Feature extractions module 502 may transfer features 503 to
MAP-adaptations module 504 and/or to a memory (not shown) of system
500. In an example, features 503 may include a set of coefficients
with each set being associated with an original recording of
original recordings 501.
[0056] MAP-adaptations module 504 may receive features 503 from
feature extractions module 502 or memory. As discussed, features
503 may include a set of features or coefficients or the like for
each of original recordings 501. MAP-adaptations module 504 may,
based on each set of coefficients, adapt a universal background
model (UBM) 507 using (e.g., based on) a maximum-a-posteriori
adaption of universal background model 507 to generate original
utterance mixture models 505 (e.g., including an original utterance
mixture model for each set of features or coefficients of features
503). For example, universal background model 507 may be a Gaussian
mixture model trained offline based on a very large amount of
speech data. In an example, universal background model 507 may be
pre-built using a Gaussian mixture model expectation maximization
algorithm.
[0057] In FIG. 5, the multiple instances of MAP-adaptations module
504 and other similarly illustrated modules (e.g., modules 502,
505, 506, 509, 511, 512, 513) are meant to indicate the operation
associated therewith (or the memory item associated therewith) is
performed for each instance of a recording in the set of recordings
(e.g., original recordings 501 and replay recordings 508). For
example, as discussed, a MAP-adaptation of universal background
model 507 may be performed for each set of features or coefficients
to generate an original utterance mixture model, and, as discussed
below, an associated super vector (e.g., of original recordings
super vectors 515) may be generated for each original utterance
mixture model. Similarly, for replay recordings 508, features 510
may include a set of features or coefficients for each replay
recording, MAP-adaptations module 511 may generate a replay
utterance mixture model for each set of coefficients, and super
vector extractions model 513 may generate a replay recording super
vector (e.g., of replay recordings super vectors 516) for each
replay utterance mixture model. Thereby, multiple original
recordings super vectors 515 and multiple replay recordings super
vectors 516 may be provided to support vector machine 514 training.
As shown, MAP-adaptations module 504 may transfer original
utterance mixture models 505 to super vector extractions module 506
and/or to a memory (not shown) of system 500.

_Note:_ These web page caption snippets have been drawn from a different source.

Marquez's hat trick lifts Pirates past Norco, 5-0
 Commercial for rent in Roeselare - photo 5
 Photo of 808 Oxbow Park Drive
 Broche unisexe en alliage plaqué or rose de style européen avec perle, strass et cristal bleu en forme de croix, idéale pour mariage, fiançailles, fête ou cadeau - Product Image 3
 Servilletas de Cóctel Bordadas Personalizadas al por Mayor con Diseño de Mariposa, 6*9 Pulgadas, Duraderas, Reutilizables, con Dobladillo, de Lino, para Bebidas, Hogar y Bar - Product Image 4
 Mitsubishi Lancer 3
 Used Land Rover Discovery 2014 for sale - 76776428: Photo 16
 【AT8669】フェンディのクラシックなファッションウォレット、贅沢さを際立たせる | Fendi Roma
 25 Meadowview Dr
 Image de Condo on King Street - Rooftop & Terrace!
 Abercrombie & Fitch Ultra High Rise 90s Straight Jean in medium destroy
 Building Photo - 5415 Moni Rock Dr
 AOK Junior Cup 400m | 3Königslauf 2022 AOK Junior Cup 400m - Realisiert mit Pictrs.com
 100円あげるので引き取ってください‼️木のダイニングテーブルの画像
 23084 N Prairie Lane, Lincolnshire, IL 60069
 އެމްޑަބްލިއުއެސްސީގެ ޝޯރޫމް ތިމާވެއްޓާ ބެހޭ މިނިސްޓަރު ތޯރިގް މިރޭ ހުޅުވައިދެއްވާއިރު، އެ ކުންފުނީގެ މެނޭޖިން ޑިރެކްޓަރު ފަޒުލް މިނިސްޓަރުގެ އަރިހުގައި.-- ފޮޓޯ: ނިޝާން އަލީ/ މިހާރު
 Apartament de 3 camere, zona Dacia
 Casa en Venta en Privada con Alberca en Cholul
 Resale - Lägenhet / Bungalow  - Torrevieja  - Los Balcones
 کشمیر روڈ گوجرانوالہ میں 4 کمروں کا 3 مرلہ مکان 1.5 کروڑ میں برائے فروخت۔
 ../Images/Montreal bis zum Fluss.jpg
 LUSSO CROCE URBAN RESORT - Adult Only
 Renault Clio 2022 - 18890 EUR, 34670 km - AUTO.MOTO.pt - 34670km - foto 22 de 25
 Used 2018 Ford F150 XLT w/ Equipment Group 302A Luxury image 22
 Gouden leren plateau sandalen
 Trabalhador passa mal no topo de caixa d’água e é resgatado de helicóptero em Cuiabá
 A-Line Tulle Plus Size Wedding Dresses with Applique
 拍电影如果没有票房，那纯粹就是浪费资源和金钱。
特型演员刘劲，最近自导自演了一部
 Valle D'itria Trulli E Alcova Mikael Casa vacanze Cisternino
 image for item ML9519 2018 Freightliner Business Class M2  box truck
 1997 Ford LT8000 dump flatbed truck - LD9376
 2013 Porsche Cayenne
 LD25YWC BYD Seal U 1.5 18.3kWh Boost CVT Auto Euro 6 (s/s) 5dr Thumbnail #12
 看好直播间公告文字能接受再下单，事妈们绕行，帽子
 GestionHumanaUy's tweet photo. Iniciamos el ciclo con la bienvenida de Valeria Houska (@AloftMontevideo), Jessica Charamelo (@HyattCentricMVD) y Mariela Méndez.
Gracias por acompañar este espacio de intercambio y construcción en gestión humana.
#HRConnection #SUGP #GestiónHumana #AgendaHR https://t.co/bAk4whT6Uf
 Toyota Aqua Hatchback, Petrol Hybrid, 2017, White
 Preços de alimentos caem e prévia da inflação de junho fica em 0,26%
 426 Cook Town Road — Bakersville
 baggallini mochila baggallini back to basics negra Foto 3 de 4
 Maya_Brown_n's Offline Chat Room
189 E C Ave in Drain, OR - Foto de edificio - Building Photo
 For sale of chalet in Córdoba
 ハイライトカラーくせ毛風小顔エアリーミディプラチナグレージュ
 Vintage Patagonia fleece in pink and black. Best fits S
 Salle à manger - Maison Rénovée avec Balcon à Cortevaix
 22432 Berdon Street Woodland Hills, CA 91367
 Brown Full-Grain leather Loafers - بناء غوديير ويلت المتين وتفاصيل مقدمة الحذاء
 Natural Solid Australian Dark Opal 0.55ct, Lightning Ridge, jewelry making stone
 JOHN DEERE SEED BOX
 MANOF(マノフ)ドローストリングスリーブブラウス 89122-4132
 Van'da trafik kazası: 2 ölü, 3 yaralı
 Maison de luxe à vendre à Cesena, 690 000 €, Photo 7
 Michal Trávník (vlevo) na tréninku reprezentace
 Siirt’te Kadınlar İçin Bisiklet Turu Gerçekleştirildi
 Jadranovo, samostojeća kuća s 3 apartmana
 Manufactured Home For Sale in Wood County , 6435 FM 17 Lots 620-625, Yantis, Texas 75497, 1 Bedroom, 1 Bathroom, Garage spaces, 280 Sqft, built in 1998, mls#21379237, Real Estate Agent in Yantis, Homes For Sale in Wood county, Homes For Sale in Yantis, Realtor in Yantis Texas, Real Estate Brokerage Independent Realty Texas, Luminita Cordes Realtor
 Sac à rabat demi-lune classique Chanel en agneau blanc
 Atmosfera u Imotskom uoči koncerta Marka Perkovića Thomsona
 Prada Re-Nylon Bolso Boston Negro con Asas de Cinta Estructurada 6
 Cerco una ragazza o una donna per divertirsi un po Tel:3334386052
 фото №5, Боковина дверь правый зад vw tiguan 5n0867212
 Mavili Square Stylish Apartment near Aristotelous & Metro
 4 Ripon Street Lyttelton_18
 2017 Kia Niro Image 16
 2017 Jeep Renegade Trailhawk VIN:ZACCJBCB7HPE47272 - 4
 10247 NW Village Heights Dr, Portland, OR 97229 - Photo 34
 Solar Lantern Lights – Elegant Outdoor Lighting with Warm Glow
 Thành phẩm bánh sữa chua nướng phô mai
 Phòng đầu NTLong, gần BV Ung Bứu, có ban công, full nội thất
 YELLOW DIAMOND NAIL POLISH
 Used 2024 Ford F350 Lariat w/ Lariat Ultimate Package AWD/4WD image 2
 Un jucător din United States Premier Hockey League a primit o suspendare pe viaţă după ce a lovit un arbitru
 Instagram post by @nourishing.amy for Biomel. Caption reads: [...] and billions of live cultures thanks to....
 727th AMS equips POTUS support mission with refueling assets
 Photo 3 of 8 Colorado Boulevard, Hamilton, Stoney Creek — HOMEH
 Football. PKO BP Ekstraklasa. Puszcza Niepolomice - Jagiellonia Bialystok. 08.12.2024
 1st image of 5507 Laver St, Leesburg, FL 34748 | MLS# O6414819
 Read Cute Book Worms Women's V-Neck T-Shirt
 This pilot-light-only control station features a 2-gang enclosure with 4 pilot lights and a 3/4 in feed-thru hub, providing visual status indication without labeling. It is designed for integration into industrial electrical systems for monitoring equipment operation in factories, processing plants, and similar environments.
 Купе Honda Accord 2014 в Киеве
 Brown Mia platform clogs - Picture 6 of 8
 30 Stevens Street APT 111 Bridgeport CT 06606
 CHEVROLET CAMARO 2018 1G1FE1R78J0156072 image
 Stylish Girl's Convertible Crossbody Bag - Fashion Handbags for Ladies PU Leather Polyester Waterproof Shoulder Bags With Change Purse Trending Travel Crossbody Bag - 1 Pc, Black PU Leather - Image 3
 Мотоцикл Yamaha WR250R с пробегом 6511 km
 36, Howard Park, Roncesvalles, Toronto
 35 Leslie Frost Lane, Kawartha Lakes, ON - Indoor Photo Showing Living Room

[0058] Super vector extractions module 506 may receive original
utterance mixture models 505 from MAP-adaptations module 504 or a
memory of system 500. Super vector extractions module 506 may, for
each original utterance mixture model of original utterance mixture
models 505, extract an original recording super vector to generate
original recordings super vectors 515 having multiple extracted
super vectors, one for each original utterance mixture model. Super
vector extractions module 506 may generate original recordings
super vectors 515 using any suitable technique or techniques. In an
example, super vector extractions module 506 may generate each
original recording super vector by concatenating mean vectors of
each original utterance mixture model. For example, each original
utterance mixture model may have many mean vectors and each
original recording super vector may be formed by concatenating
them. Super vector extractions module 506 may transfer original
recordings super vectors 515 to support vector machine 514 and/or
to a memory of system 514.
[0059] Also as shown in FIG. 5, feature extractions module 509 may
receive replay recordings 508 (e.g., from memory or the like) and
feature extractions module 509 may generate features 510. Features
510 may be any features associated with replay recordings 508. For
example, features 510 may include coefficients that represent a
power spectrum of replay recordings 509 and, for example, features
510 may be generated for each replay recording of replay recordings
508. In an embodiment, features 510 are Mel cepstrum coefficients
as discussed herein. Feature extractions module 509 may transfer
features 510 to MAP-adaptations module 511 and/or to a memory of
system 500. As discussed with respect to features 503, features 510
may include a set of coefficients for each of replay recordings
501.
[0060] MAP-adaptations module 511 may receive features 510 from
feature extractions module 509 or memory. MAP-adaptations module
511 may, based on each set of coefficients, adapt universal
background model 507 using (e.g., based on) a maximum-a-posteriori
adaption of universal background model 507 to generate replay
utterance mixture models 512 (e.g., including a replay utterance
mixture model for each set of coefficients of features 510). As
shown, MAP-adaptations module 511 may transfer replay utterance
mixture models 512 to super vector extractions module 513 and/or to
a memory of system 500.
[0061] Super vector extractions module 513 may receive original
utterance mixture models 512 from MAP-adaptations module 511 or a
memory of system 500. Super vector extractions module 513 may, for
each replay utterance mixture model of replay utterance mixture
models 512, extract a replay recording super vector to generate
replay recordings super vectors 516 having multiple extracted super
vectors, one for each replay utterance mixture model. Super vector
extractions module 513 may generate replay recordings super vectors
516 using any suitable technique or techniques. In an example,
super vector extractions module 513 may generate each replay
recording super vector by concatenating mean vectors of each replay
utterance mixture model. For example, each replay utterance mixture
model may have many mean vectors and each replay recording super
vector may be formed by concatenating them. Super vector
extractions module 513 may transfer replay recordings super vectors
516 to support vector machine 514 and/or to a memory of system
514.
[0062] Support vector machine 514 may receive original recordings
super vectors 515 from super vector extractions module 506 or
memory and replay recordings super vectors 516 from super vector
extractions module 513 or memory. Support vector machine 514 may be
trained based on original recordings super vectors 515 and replay
recordings super vectors 516. For example, support vector machine
514 may model the differences or margins between original
recordings super vectors 515 and replay recordings super vectors
516 (e.g., between the two classes). For example, support vector
machine 514 may exploit the differences between original recordings
super vectors 515 and replay recordings super vectors 516 to
discriminate based on received super vectors during a
classification implementation. Support vector machine 514 may be
trained abased on being provided original recordings super vectors
515 and replay recordings super vectors 516 and which class (e.g.,
original or replay) each belongs to. Support vector machine 514
may, based on such information, generating weightings for various
parameters, which may be stored for use in classification.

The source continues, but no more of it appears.